Alfred Hitchcock

Alfred Hitchcock

As part of the BFI’s blockbuster summer project The Genius of Hitchcock, it is announced today that Hitchcock’s early silent film The Ring (1927) will be premiered in its newly restored glory and brought to life with a live performance of a brand new score by Soweto Kinch.

Award winning saxophonist, MC and rising star Kinch has been commissioned by the BFI to write the new score for this heavy-hitting boxing drama that helped inspire The Artist - according to its director Michel Hazanavicius.

The film will be presented in its newly restored splendour at The Hackney Empire, a venue frequented by Hitchcock, on 13th July as part of the BFI’s official involvement in the LOGOC London Festival 2012 celebrations.

Soweto joins a growing roster of British musical talent writing scores for the new silent Hitchcock restorations including Nitin Sawhney (The Lodger at The Barbican, July 21st) and Daniel Patrick Cohen (The Pleasure Garden at Wilton’s Music Hall, June 28th & 29th).

Universally acknowledged as one of the world’s greatest film-makers Alfred Hitchcock received critical and box office acclaim early in his career.

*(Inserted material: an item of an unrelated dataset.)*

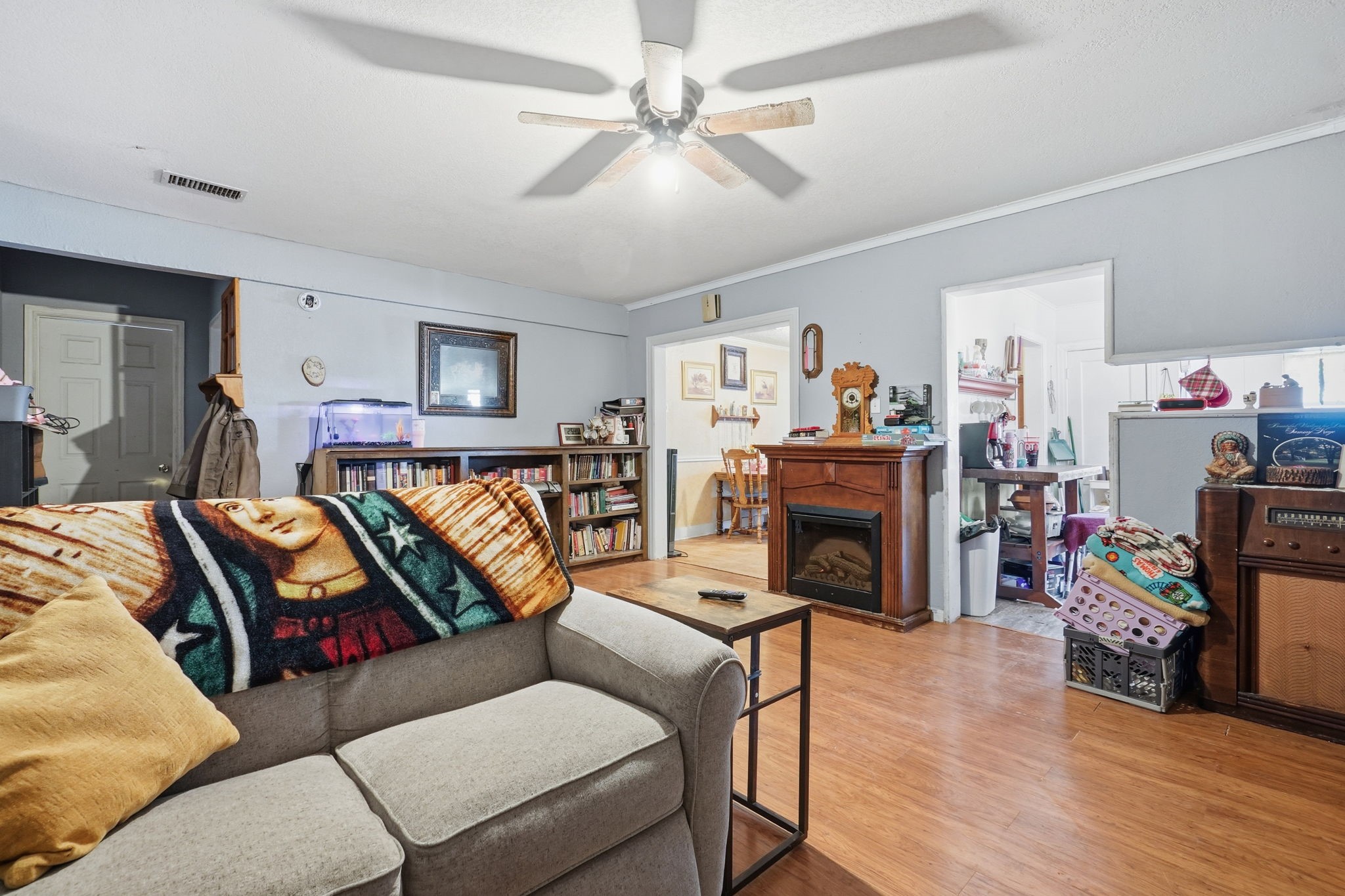 1901 Cedarcrest Drive Abilene TX 79601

The Ring, one of Hitchcock’s earliest films, is a brilliantly paced melodrama set in the world of boxing.

The director himself claimed that, after The Lodger, this is the next 'Hitchcock' picture. The story is a love triangle between a fairground boxer whose lover falls for the charms of a professional fighter and is told with a bold visual style.

This is Hitchcock's one and only original screenplay but its neatness and economy confirmed him as Britain’s leading filmmaker of his generation.